- [Records shown]:
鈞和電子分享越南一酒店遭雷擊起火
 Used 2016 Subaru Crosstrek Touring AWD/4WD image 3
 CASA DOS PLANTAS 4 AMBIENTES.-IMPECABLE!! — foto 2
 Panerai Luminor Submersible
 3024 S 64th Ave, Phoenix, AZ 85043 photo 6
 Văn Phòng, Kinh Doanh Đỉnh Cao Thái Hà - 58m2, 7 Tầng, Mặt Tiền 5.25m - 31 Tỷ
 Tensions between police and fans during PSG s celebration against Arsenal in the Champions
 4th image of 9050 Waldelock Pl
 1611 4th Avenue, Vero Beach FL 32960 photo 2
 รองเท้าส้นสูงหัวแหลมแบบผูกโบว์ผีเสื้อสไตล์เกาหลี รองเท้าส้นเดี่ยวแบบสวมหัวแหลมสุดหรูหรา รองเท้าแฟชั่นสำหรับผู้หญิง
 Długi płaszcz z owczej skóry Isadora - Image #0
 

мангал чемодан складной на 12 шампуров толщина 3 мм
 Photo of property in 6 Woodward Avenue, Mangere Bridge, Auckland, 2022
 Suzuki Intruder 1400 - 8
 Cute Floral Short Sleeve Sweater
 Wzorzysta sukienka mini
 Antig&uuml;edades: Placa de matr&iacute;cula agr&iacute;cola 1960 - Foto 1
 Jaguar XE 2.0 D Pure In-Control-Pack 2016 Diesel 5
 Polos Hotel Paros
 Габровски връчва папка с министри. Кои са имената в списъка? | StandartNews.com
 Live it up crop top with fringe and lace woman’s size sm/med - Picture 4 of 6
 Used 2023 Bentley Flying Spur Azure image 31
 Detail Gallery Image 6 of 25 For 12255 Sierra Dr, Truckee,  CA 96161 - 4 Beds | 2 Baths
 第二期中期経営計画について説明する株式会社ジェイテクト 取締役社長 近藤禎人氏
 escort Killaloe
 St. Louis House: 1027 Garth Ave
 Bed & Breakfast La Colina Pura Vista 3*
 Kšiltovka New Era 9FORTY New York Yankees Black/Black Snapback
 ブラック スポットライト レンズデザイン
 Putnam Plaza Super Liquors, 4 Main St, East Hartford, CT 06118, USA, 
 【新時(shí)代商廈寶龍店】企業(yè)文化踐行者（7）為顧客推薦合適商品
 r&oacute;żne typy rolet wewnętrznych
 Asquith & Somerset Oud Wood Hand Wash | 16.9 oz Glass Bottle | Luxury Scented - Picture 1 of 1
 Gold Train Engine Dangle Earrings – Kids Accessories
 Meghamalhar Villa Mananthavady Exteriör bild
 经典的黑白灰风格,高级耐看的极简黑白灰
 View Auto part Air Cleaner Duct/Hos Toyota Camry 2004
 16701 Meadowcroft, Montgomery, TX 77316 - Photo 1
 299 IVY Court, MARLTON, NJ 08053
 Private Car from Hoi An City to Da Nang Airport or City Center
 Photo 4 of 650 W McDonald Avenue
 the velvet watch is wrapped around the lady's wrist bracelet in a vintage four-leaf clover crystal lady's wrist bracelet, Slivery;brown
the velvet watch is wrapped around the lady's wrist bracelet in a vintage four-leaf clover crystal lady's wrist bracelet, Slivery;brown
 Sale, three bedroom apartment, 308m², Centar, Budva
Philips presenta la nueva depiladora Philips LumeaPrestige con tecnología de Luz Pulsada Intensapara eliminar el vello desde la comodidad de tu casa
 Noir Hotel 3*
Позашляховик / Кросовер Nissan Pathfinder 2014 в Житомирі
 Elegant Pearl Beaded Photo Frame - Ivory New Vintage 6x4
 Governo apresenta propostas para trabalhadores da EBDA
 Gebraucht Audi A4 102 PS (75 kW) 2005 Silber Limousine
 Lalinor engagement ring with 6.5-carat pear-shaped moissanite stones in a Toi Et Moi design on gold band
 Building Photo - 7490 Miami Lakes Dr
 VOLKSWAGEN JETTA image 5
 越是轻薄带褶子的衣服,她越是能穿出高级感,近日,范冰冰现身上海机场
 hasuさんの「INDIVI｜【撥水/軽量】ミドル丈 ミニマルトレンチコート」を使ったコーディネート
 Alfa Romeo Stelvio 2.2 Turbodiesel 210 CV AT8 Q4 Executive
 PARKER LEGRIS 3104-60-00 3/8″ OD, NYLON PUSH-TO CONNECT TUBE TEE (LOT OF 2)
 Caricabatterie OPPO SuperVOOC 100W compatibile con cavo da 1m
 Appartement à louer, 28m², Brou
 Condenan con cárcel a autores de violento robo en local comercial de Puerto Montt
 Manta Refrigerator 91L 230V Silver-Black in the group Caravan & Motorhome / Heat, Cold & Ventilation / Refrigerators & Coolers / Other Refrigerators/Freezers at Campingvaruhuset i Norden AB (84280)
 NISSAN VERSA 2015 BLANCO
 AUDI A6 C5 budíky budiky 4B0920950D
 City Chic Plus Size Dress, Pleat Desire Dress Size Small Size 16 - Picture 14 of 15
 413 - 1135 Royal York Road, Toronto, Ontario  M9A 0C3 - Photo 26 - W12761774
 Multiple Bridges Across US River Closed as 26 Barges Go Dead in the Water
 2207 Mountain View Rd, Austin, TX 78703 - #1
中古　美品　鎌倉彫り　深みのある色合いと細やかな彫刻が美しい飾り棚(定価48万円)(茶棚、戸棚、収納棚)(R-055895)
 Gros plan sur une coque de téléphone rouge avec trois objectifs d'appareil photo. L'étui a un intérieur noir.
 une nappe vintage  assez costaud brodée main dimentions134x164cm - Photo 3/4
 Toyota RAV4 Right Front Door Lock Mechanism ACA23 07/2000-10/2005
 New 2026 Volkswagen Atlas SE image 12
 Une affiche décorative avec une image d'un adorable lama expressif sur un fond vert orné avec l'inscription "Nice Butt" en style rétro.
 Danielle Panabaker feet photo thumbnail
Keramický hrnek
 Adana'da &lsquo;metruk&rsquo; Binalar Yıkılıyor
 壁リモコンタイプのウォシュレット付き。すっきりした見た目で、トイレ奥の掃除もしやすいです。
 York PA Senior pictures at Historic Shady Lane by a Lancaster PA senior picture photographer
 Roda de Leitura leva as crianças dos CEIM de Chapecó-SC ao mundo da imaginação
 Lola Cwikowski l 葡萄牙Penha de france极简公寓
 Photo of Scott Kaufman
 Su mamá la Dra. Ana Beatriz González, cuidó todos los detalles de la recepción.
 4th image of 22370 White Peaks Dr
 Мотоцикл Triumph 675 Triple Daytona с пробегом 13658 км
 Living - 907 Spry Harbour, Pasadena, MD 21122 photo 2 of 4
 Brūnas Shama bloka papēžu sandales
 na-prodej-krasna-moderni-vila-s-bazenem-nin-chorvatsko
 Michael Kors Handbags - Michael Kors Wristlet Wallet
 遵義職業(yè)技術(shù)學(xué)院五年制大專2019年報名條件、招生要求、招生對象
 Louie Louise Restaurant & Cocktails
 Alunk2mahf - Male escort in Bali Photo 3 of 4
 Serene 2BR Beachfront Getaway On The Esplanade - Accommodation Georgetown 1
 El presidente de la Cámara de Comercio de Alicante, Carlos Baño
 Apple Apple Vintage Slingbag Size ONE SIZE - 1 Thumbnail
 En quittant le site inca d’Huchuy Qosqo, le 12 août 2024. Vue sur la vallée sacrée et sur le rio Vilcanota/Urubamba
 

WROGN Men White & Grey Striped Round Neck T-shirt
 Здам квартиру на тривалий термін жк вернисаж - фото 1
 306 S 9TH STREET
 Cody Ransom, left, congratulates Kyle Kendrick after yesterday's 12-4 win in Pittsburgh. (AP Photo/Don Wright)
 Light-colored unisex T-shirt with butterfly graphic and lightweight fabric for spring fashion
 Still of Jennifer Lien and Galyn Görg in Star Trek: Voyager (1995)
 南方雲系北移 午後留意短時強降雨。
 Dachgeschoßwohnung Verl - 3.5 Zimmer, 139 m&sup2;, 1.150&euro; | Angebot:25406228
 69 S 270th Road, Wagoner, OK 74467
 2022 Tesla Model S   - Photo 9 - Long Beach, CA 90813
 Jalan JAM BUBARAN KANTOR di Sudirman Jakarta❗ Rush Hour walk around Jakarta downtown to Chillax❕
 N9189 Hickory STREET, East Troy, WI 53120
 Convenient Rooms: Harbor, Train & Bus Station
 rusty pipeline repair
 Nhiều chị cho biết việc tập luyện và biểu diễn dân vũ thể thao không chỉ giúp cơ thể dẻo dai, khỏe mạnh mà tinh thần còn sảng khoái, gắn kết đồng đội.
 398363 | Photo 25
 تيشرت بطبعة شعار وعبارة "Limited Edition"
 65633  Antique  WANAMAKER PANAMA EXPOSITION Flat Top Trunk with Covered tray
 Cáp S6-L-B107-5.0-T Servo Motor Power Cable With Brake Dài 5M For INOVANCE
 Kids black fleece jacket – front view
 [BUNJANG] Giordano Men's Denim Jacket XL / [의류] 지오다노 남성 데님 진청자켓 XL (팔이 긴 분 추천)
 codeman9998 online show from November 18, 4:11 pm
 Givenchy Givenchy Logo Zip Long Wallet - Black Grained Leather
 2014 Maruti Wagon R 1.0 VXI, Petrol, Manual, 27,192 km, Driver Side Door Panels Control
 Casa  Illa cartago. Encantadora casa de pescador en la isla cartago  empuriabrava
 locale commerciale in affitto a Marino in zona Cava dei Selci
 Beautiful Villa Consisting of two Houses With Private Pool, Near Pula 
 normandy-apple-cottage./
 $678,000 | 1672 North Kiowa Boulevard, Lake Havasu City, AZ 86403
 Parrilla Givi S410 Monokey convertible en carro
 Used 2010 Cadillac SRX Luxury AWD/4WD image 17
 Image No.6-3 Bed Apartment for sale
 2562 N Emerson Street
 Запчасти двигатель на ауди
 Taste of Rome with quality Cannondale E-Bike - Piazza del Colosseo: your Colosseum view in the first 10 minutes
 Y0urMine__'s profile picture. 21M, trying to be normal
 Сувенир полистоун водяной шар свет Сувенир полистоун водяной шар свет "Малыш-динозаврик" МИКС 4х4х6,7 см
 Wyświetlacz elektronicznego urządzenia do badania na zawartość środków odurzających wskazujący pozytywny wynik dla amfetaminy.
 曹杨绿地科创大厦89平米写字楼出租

- [The task]: Exactly the lines from the one with "Y0urMine__'s profile picture." through the final line of the entries are to be returned, both ends included.

- [Answer space]:
 Y0urMine__'s profile picture. 21M, trying to be normal
 Сувенир полистоун водяной шар свет Сувенир полистоун водяной шар свет "Малыш-динозаврик" МИКС 4х4х6,7 см
 Wyświetlacz elektronicznego urządzenia do badania na zawartość środków odurzających wskazujący pozytywny wynik dla amfetaminy.
 曹杨绿地科创大厦89平米写字楼出租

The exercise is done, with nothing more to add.